WORK ITEM: Return all of the data verbatim, dropping any picture.

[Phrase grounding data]
______

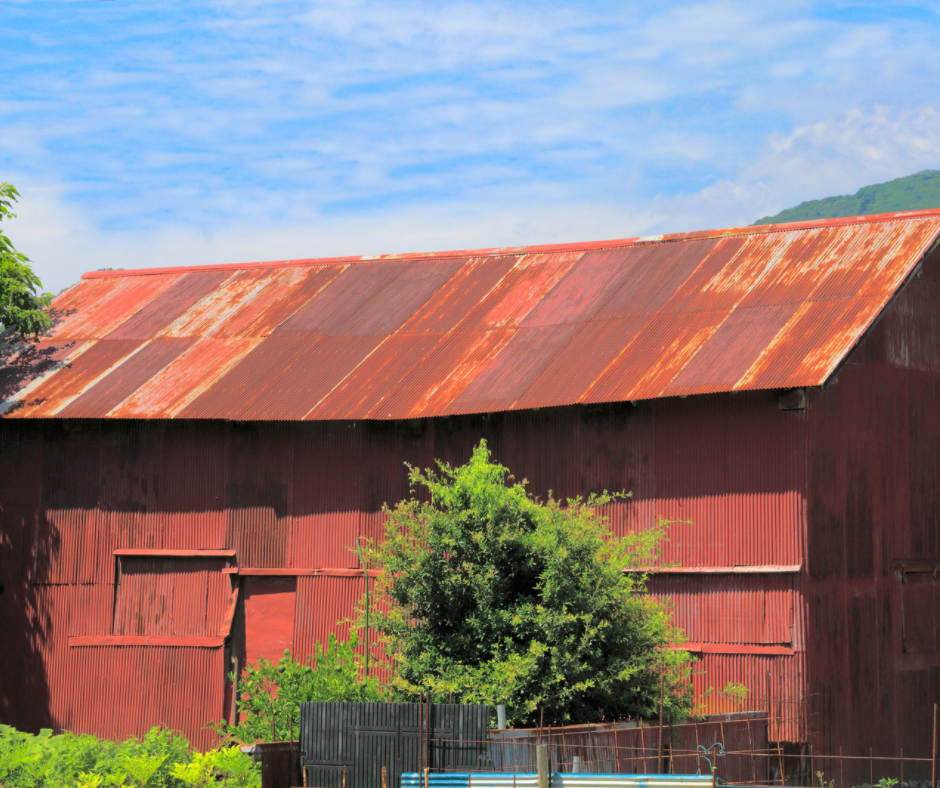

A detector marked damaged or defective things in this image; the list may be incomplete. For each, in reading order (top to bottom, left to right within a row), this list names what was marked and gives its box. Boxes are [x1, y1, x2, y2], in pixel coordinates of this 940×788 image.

rusted metal sheet [3, 209, 936, 418]
rusty roof panel [7, 209, 940, 418]
rusty metal building [0, 211, 936, 764]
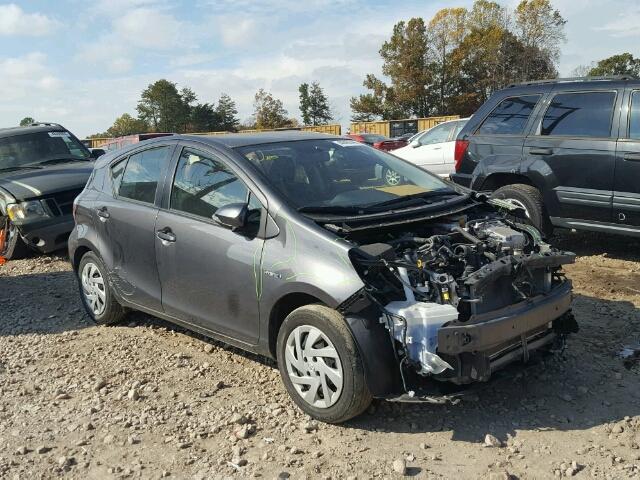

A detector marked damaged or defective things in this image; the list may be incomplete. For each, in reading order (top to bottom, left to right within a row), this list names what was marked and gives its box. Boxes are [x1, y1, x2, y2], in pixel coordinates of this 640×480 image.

damaged gray hatchback [67, 133, 576, 422]
broken headlight area [348, 214, 576, 394]
crumpled front end [348, 212, 576, 396]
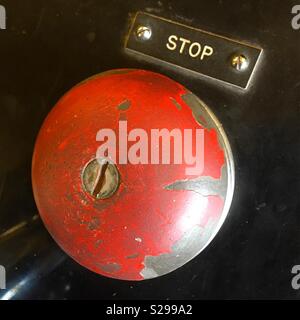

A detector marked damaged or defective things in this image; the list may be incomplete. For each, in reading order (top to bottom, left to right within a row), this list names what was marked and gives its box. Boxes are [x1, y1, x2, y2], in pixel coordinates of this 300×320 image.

chipped red paint [32, 69, 225, 278]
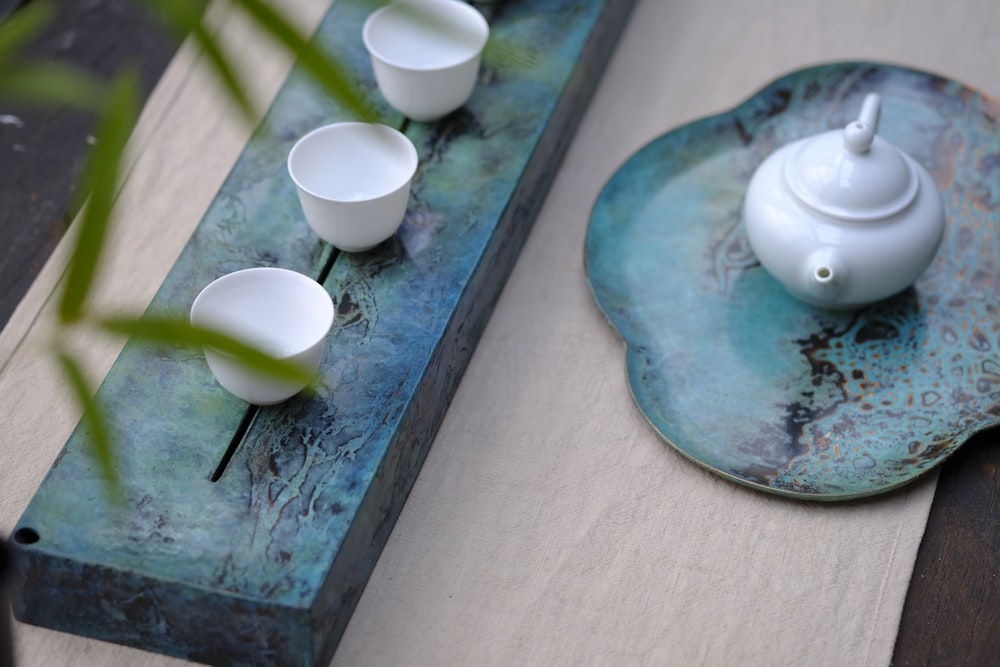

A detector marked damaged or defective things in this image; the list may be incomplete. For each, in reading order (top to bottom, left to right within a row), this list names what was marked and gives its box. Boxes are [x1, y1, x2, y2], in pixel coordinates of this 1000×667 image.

rusty patina pattern [584, 62, 1000, 500]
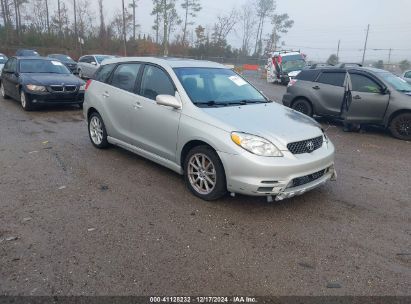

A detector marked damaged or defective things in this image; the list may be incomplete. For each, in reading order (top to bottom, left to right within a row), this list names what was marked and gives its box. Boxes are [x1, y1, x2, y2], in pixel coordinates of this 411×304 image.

damaged vehicle [84, 57, 338, 202]
damaged vehicle [284, 67, 411, 141]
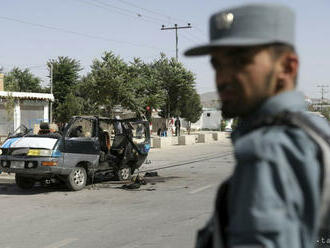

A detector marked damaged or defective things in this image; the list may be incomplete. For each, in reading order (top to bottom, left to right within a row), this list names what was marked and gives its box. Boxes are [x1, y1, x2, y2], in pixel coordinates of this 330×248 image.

wrecked car [0, 117, 151, 191]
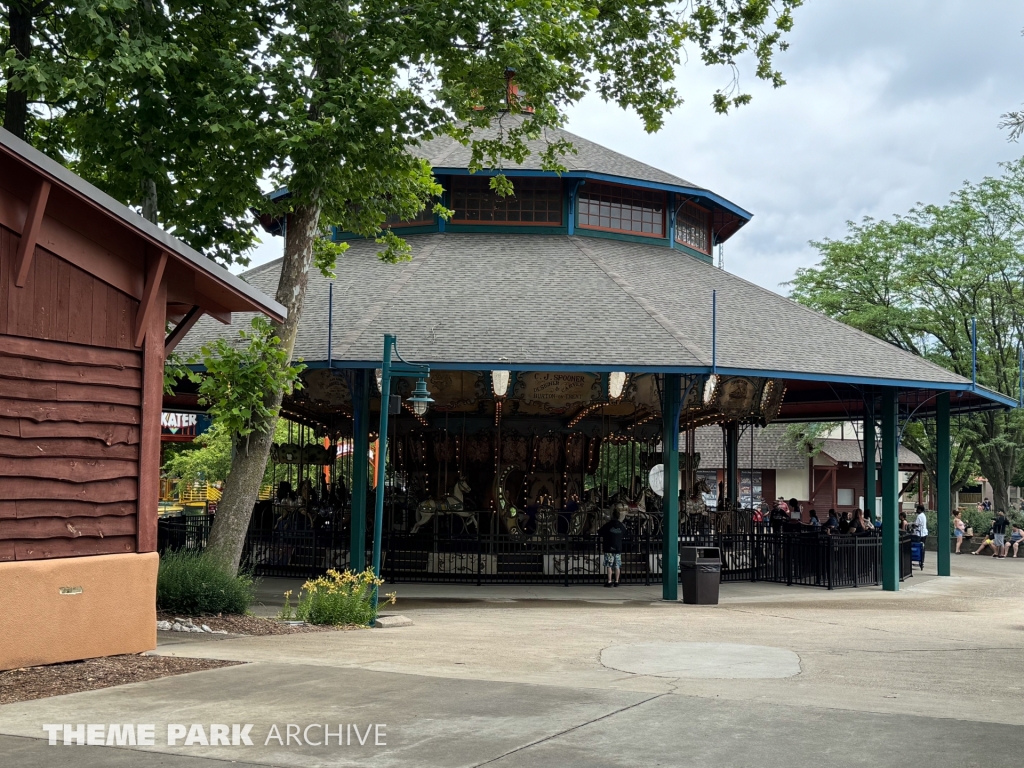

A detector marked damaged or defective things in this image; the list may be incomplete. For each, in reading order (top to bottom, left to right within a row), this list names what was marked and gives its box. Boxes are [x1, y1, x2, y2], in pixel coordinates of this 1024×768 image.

______

SOLUTION BELOW:
A detector marked damaged or defective things in this image; the list may be incomplete. For each, in reading order (top to bottom, left to right within a row), this list names what was marked and gives its box. Boxes are [x1, y1, x2, y2], in pixel coordinates of this 940×788 image.

rusted metal sheet [3, 209, 936, 418]
rusty roof panel [7, 209, 940, 418]
rusty metal building [0, 211, 936, 764]

A detector marked damaged or defective things in this image; the list may be incomplete. For each, in reading order (top to bottom, left to right within a row), this list names what was marked and gives its box. Boxes are [x1, y1, x2, y2], in pixel coordinates of this 640×480 image.

damaged gray hatchback [67, 133, 576, 422]
broken headlight area [348, 214, 576, 394]
crumpled front end [348, 212, 576, 396]

A detector marked damaged or defective things in this image; the list may be incomplete. For each, in reading order (top to bottom, left to right within a row), this list names what was marked and gives its box. Boxes are [x1, y1, x2, y2], in pixel coordinates of this 300×320 image.

chipped red paint [32, 69, 225, 278]

A detector marked damaged or defective things in this image; the list may be incomplete. For each, in reading order (top to bottom, left to right within a row), this list names what was marked and gives its box. Boxes are [x1, y1, x2, y2], in pixel coordinates of this 1000×667 image.

rusty patina pattern [584, 62, 1000, 500]

A detector marked damaged or defective things in this image; the list may be incomplete. For each, in reading order (top to bottom, left to right within a row), this list names what was marked and gives its box. Boxes are [x1, y1, x2, y2], in pixel coordinates of this 411×304 image.

damaged vehicle [84, 57, 338, 202]
damaged vehicle [284, 67, 411, 141]

A detector marked damaged or defective things in this image; the list may be incomplete. For each, in reading order (top to bottom, left to right within a row), this list names what was marked and gives its box. Boxes are [x1, y1, x2, y2], in pixel coordinates of this 330×248 image.

wrecked car [0, 117, 151, 191]

A detector marked damaged or defective things in this image; the list may be incomplete. For each, in reading order (top to bottom, left to right within a row), this list names what was marked and gives its box. Boxes are [x1, y1, x2, y2], in pixel coordinates of this 1024×768 image.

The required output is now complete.